Little book, big ideas: Walton's pocket Constitution

When 2001 Executive MBA program graduate Keir Walton was managing PFC Ltd., a publishing company that he sold in 1994, which catered mainly to law students, he noticed that many core texts were devoted to a single document: the U.S. Constitution. More than 700 scholarly books on the Constitution existed by his count, but nearly all seemed dense and inaccessible.

Walton remedied things by creating a pocket-sized reference containing the Constitution's full text and an assortment of obscure details about its authors, as well as court cases it decided and amendments that never quite made it in. His goal: to sell 1 million copies and receive an official vote of gratitude from the White House for his role in promoting the most revered document in U.S. history.

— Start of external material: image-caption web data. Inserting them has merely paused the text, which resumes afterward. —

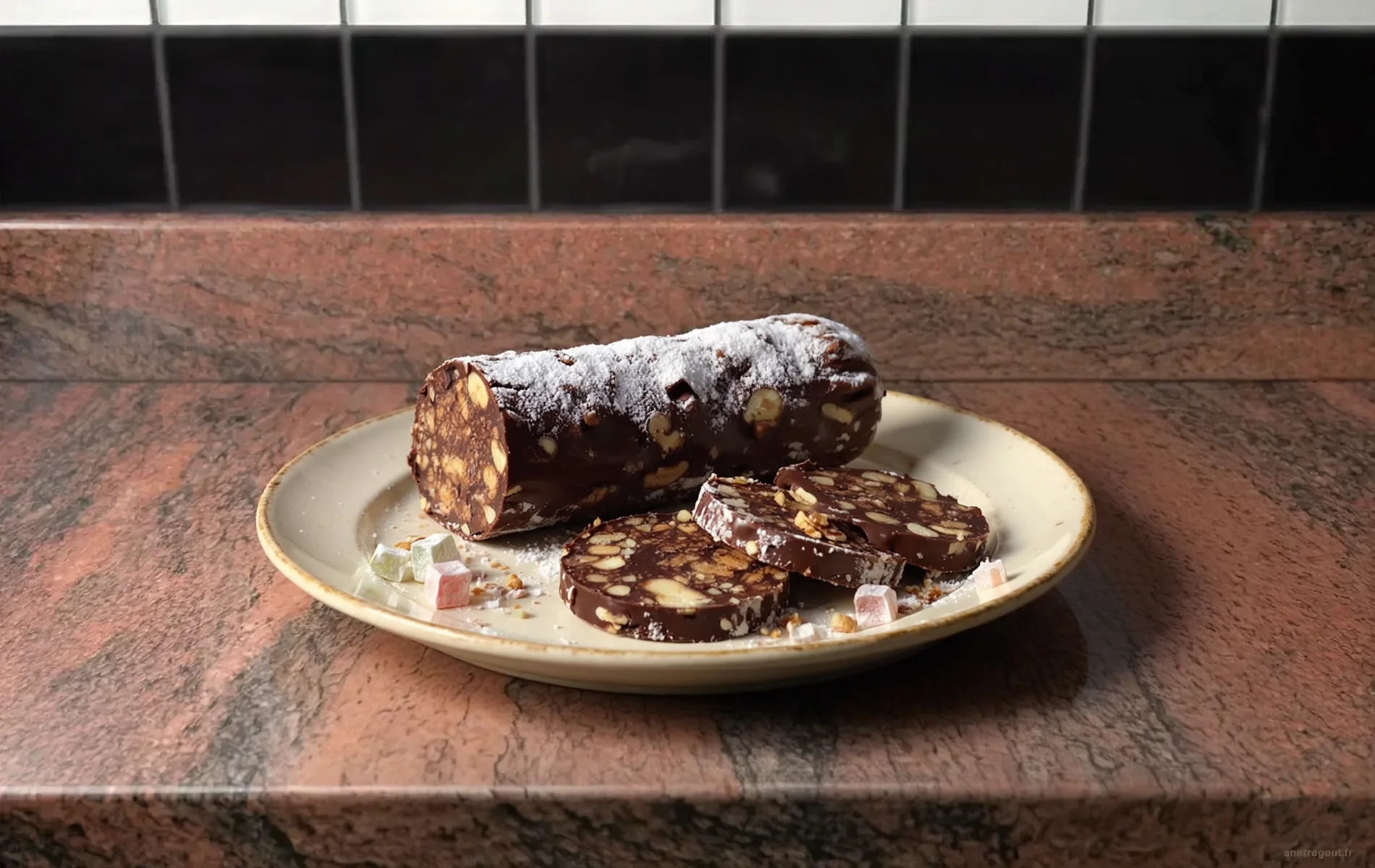 Salami au chocolat
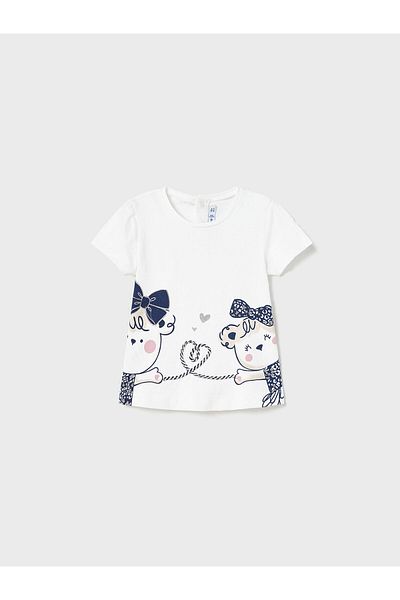 MAYORAL Tricou pentru fete 1014 Bleumarin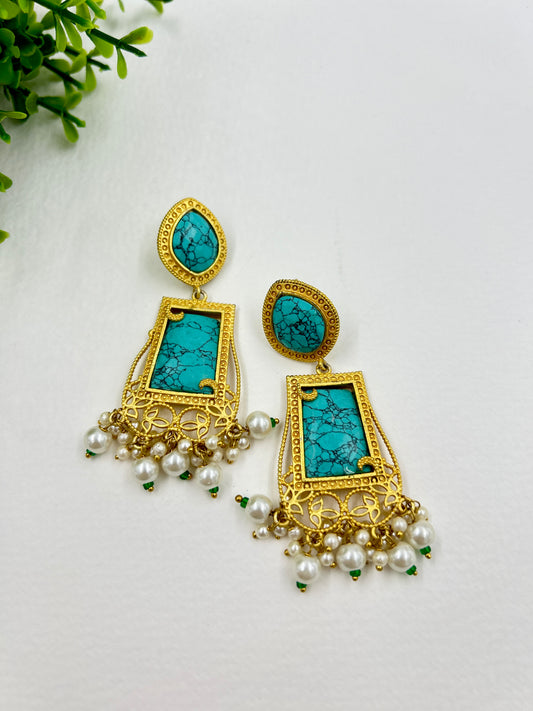 Mira Earrings : Turquoise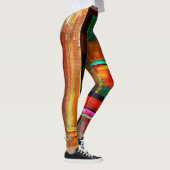 Kleurrijke vierkanten Modern Abstract kunstpatroon Leggings (Rechts)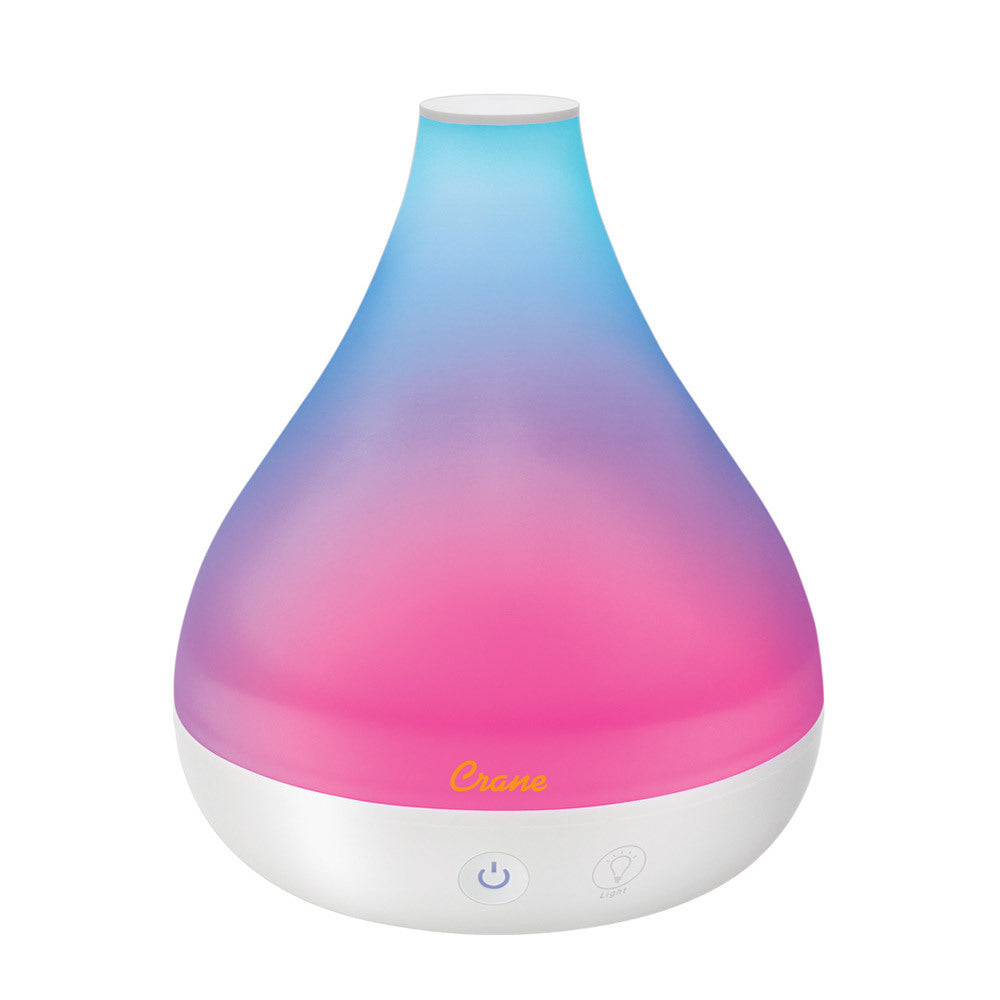 Crane - Cool Mist Humidifier + Aroma Diffuser - White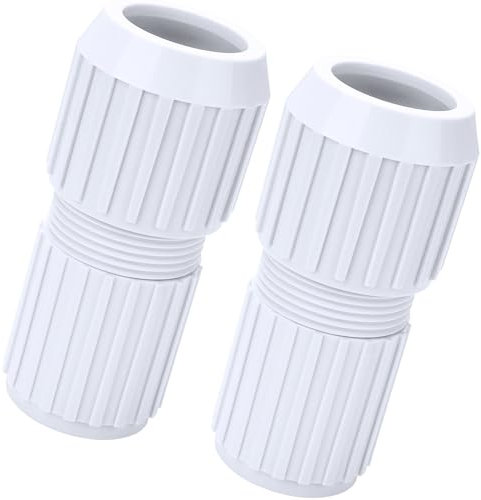 Dairrr Fuuu Pool-Teleskopstange Nockenschloss Ersatz 2 Stück, EZ Lock Cam für Teleskop-Schwimmbadstangen, passend für 2-teilige Stange mit Drehverschluss, Weiß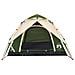 Tenda A Cupola Da Campeggio 4 Persone Verde A Rilascio Rapido - Foto miniatura 10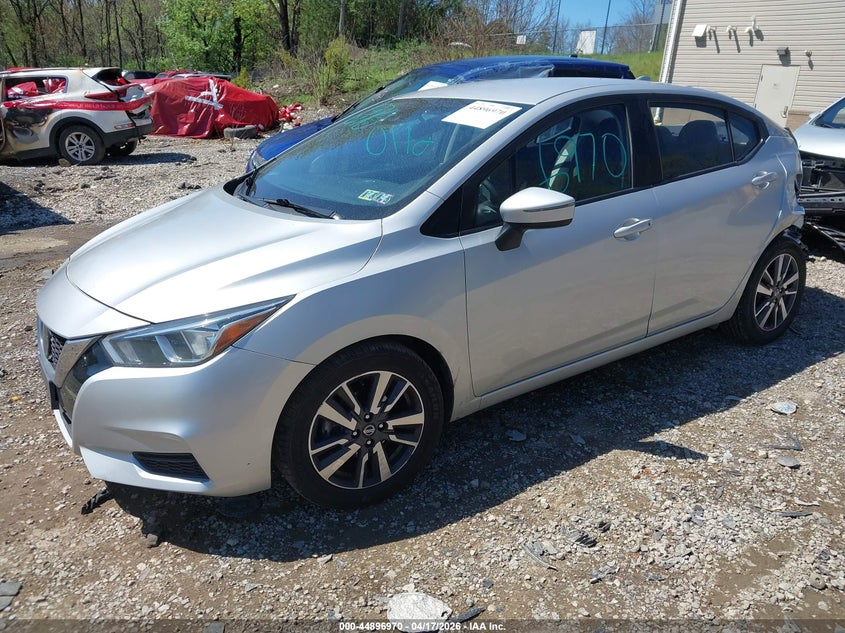 2021 Nissan Versa Sv Xtronic Cvt 3N1CN8EV0ML884566 photo 1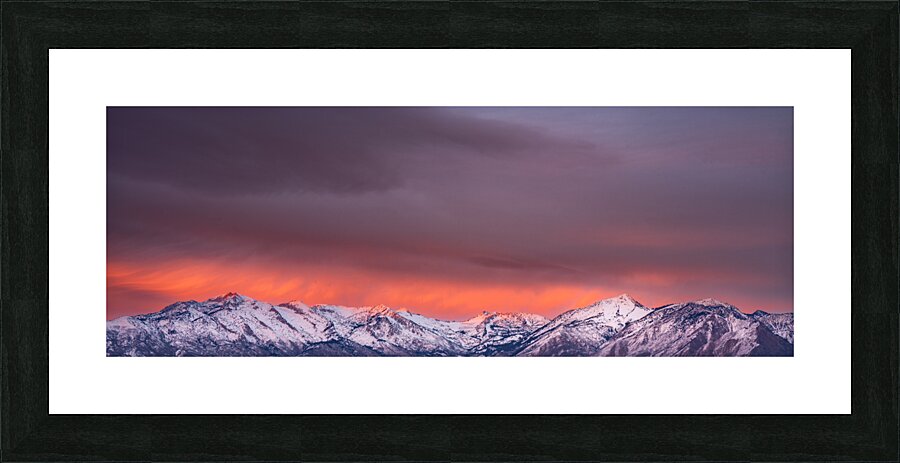 Mountain Range View Panorama  Picture Frame print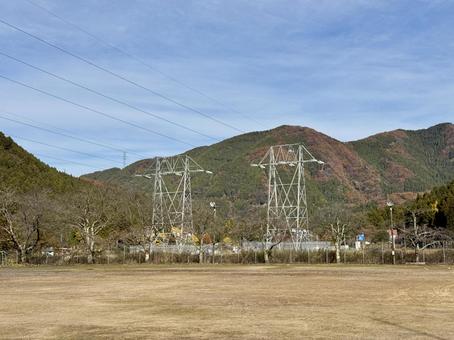 坂井市竹田農山村交流センター　グラウンド 坂井市竹田農山村交流センター,グラウンド,秋の写真素材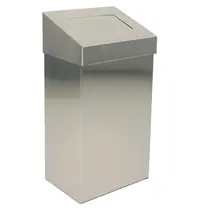 DutchDesign Afvalbak | RVS | 18L | Duwdeksel | Incl. Wandbevestiging | 277x170x500(h)mm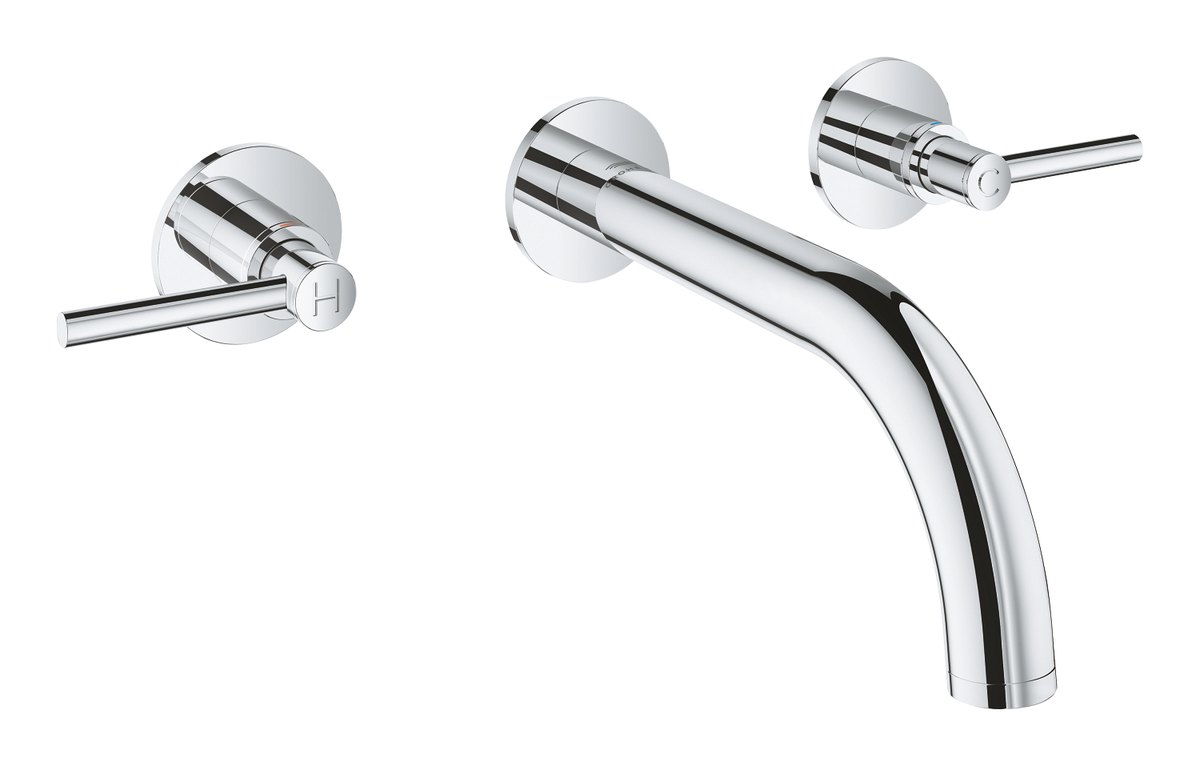 GROHE Atrio Three hole basin mixer 1/2" M Size M — Chrome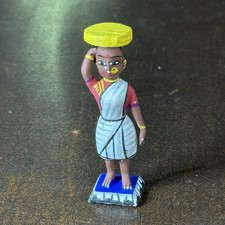 Vintage Channapatna Kondapalli Wooden Toy Doll In Great Condition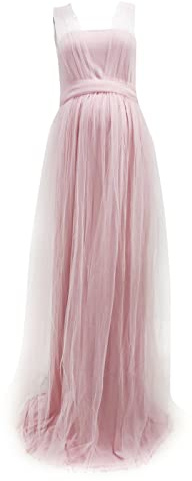 Generisch Damen Umstandskleid Kleider Damen Festlich Lang Große Größen Ärmellos Schwangere Umstandskleid Festes Abendkleider Elegant Für Hochzeit Große Größen Tüll-Prinzessinkleid Maxikleid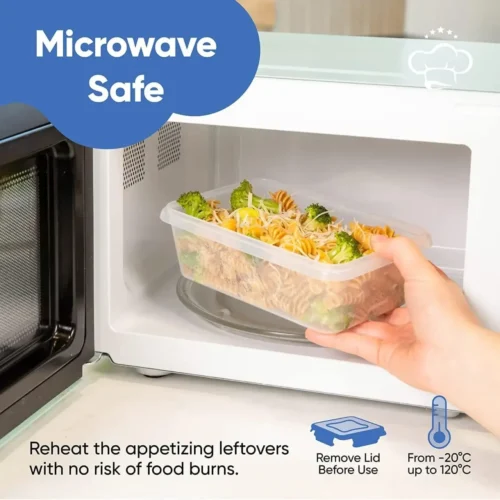 Ultimate Large Capacity Freezer Containers – 72-Piece Airtight Set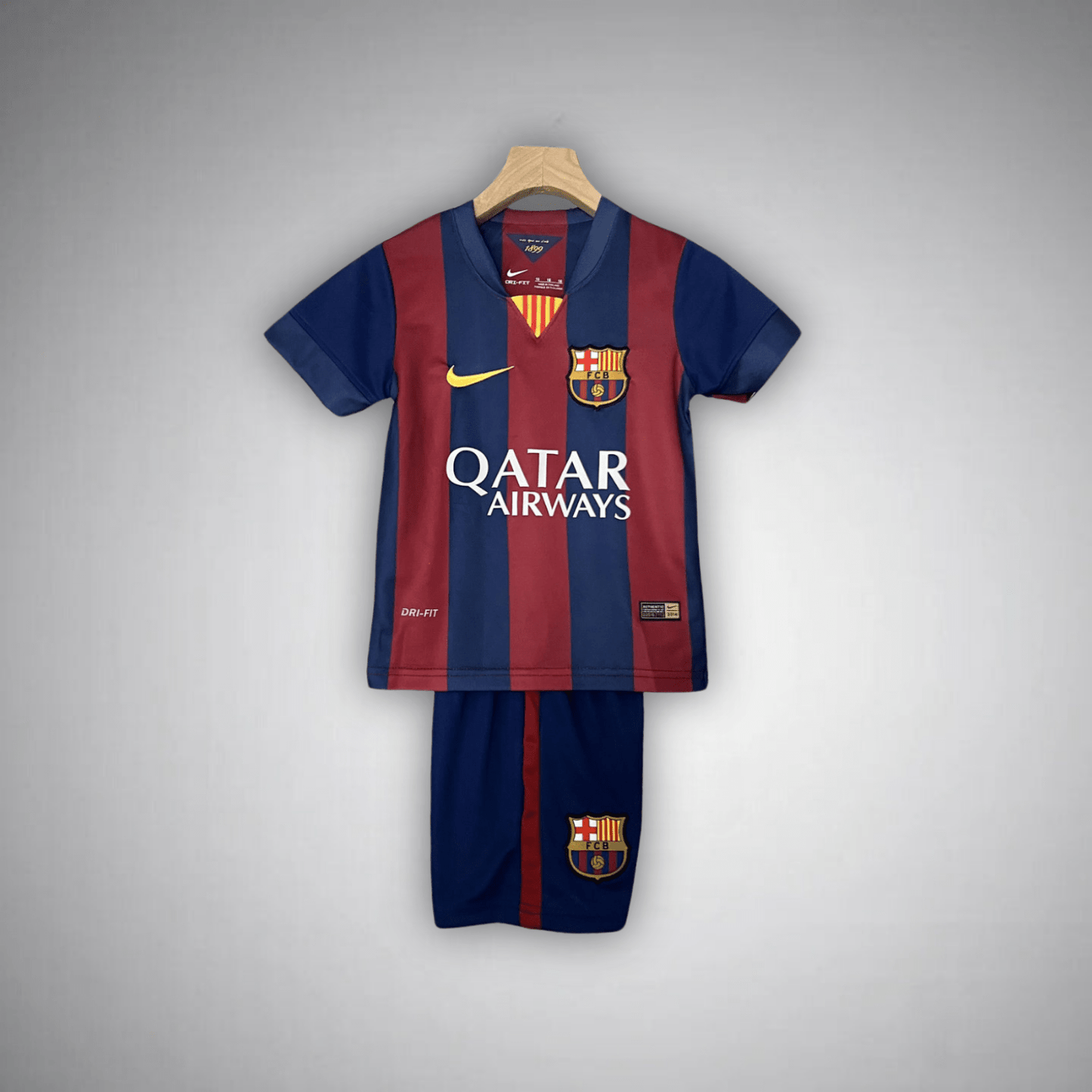 14/15 FC Barcelona Home Kids Size Kit - Premium Quality Kits at Football Monarch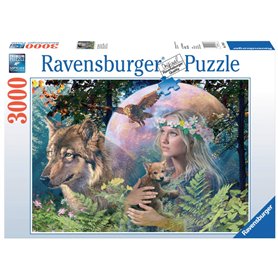 Ravensburger - Puzzle Adulte - Puzzle 3000 pièces - Loups au clair de lune - Adultes et enfants à partir de 14 ans - Puzzle de q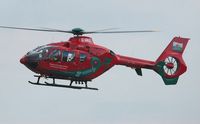 G-WASC @ EGFH - Visiting Wales Air Ambulance helicopter (Helimed 59) droping into Swansea Airport. - by Roger Winser
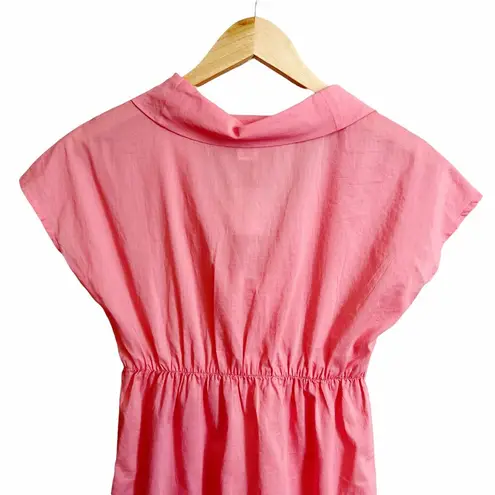 J.Crew  Pink Light Cotton Cowl Neck Short Sleeve Sundress Size XS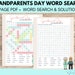 Grandparents Day Word Search Game Printable, Family Activity for ...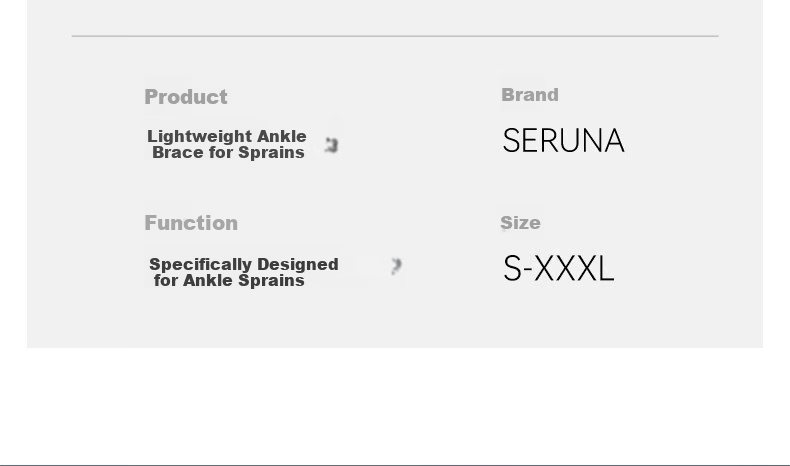 SERUNA Japan Ankle Brace Professional Sprain Prevention Men Ligament Women Ankle Joint Injury Sports Support Sleeve 14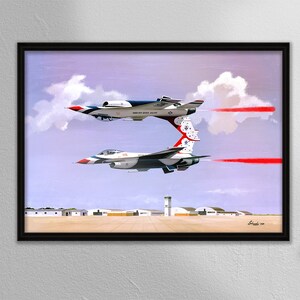 F-16 Fighting Falcon - Calypso Pass -  US Air Force - Concept Illustration- Artwork - Wall Art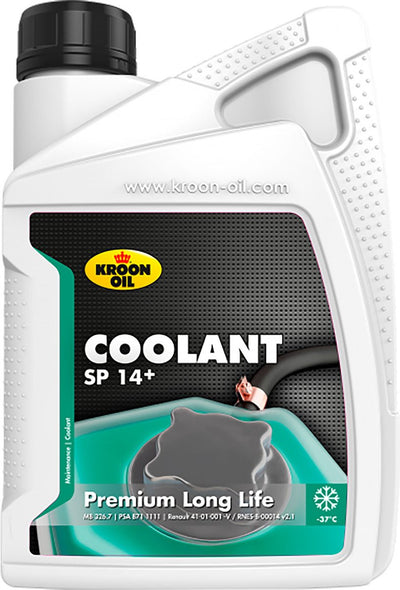 Kroon-oil - refrigerante sp14+ - larga duración - 1 litro - verde azul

Ten years and a Kellogg degree later, The U.S. Constitution and Fascinating Facts About It (Oak Hill) has surpassed the million mark in sales and found homes with scholars, lawyers and laypeople alike.

Walton says the unassuming book has made its way into the hands of everyone from the late ABC anchorman Peter Jennings to Supreme Court justice Antonin Scalia. It has been sought out and dog-eared by law students, purchased in bulk and given away by schoolteachers and civil servants and made required reading by the U.S. Army Reserve Officers' Training Corps.

Aside from its handy size and comparatively large bundle of information, Walton says that part of the book's appeal is its noticeable lack of an embedded agenda. "This book is completely politically neutral." Indeed, the book covers Supreme Court cases from Dredd Scott to Roe v. Wade without editorializing. It doesn't choose sides in the feud between Thomas Jefferson and John Adams, and it doesn't poke fun at the folks who proposed the never-ratified amendment that would have re-named the nation "The United States of the Earth."

Asked why he chose to market the Constitution, Walton says the choice was simple. "We have generations of people who've fought and died for it."